◆ **What you should do**: The material below holds the lines to copy: from the one with "Iseng Menyelam, Pria" up to and including the one with "GUCCI黑色皮革反面为棕色皮革钯金". Copy them exactly and skip the pictures.

◆ **Entries supplied**:
>>>
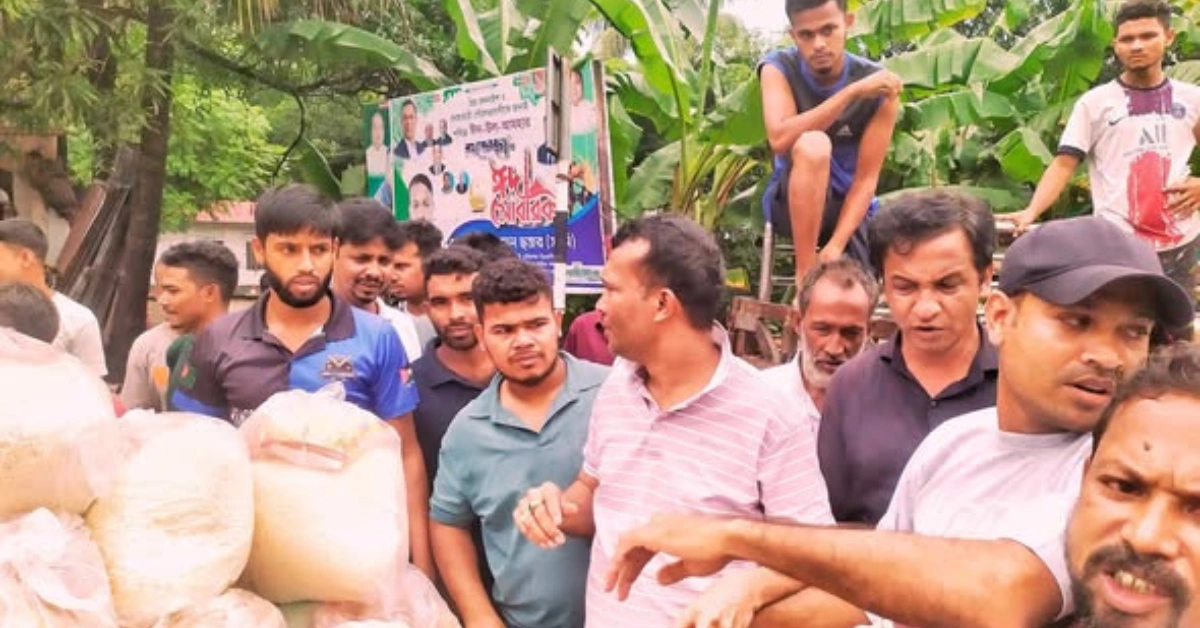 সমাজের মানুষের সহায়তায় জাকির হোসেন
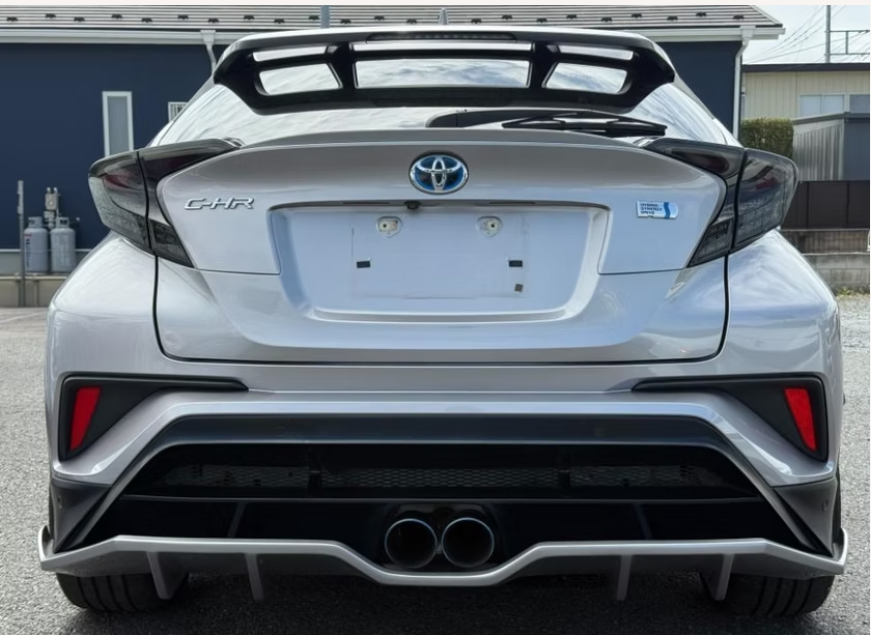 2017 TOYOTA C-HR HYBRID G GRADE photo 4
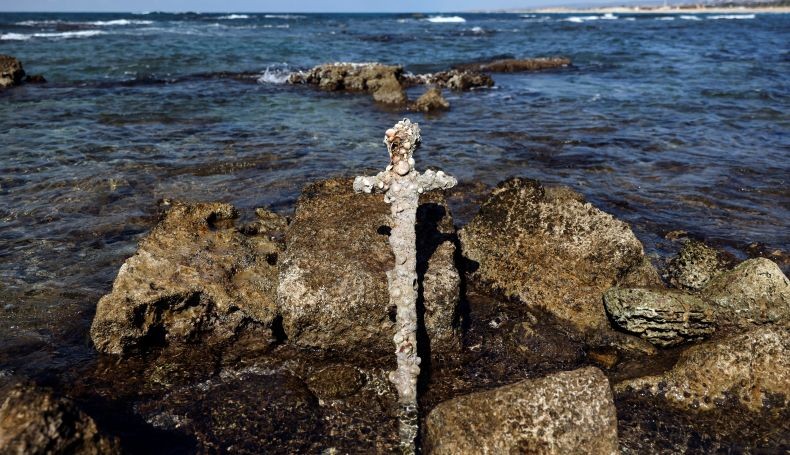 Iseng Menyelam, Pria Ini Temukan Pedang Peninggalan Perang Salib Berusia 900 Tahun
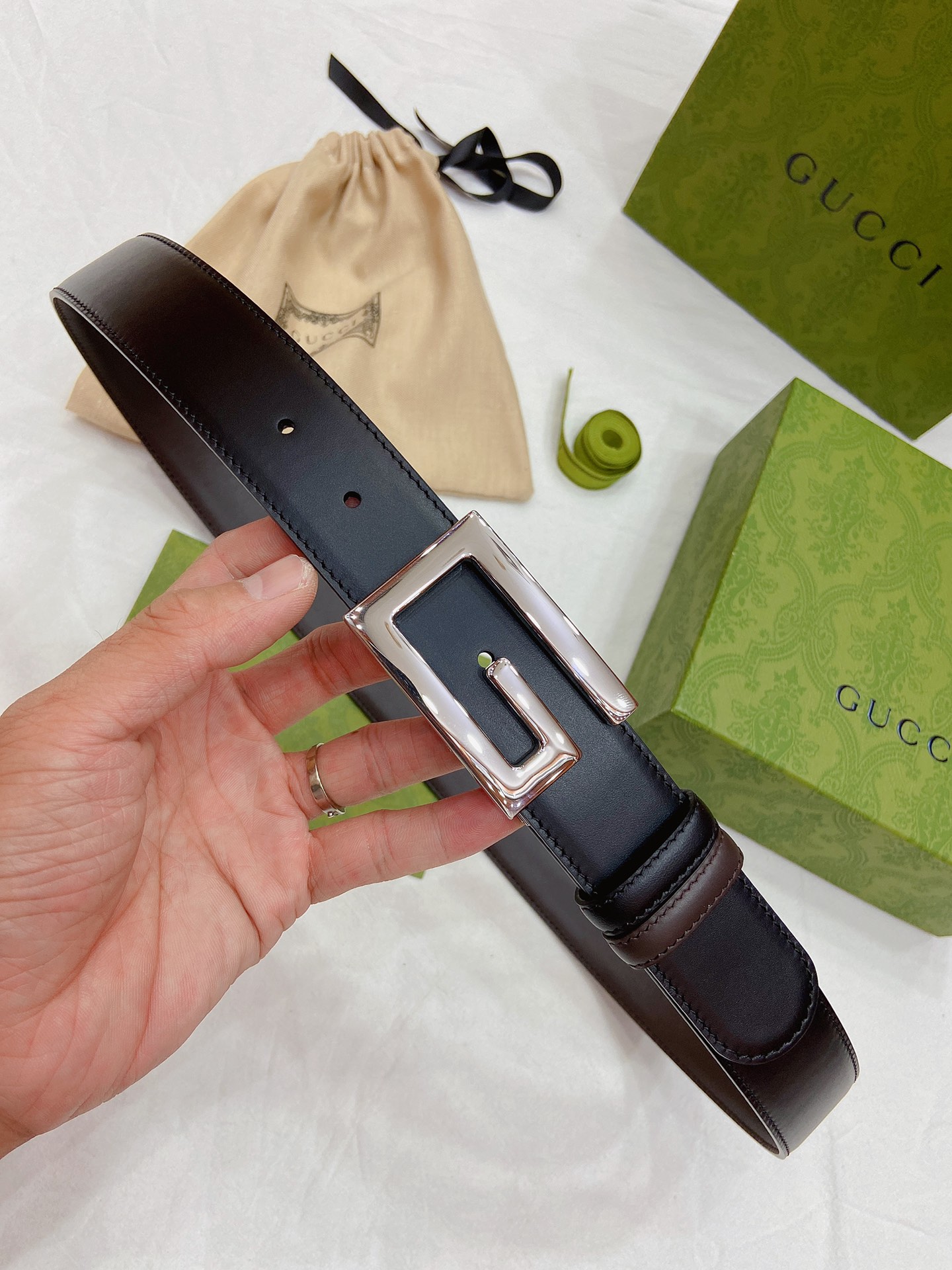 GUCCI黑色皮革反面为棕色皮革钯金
<<<
>>>
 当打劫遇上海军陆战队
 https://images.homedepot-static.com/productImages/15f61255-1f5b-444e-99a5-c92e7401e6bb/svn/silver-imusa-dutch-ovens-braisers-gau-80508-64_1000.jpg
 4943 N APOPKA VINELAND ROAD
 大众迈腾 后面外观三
<<<
◆ **Answer to the exercise**:
 Iseng Menyelam, Pria Ini Temukan Pedang Peninggalan Perang Salib Berusia 900 Tahun
 GUCCI黑色皮革反面为棕色皮革钯金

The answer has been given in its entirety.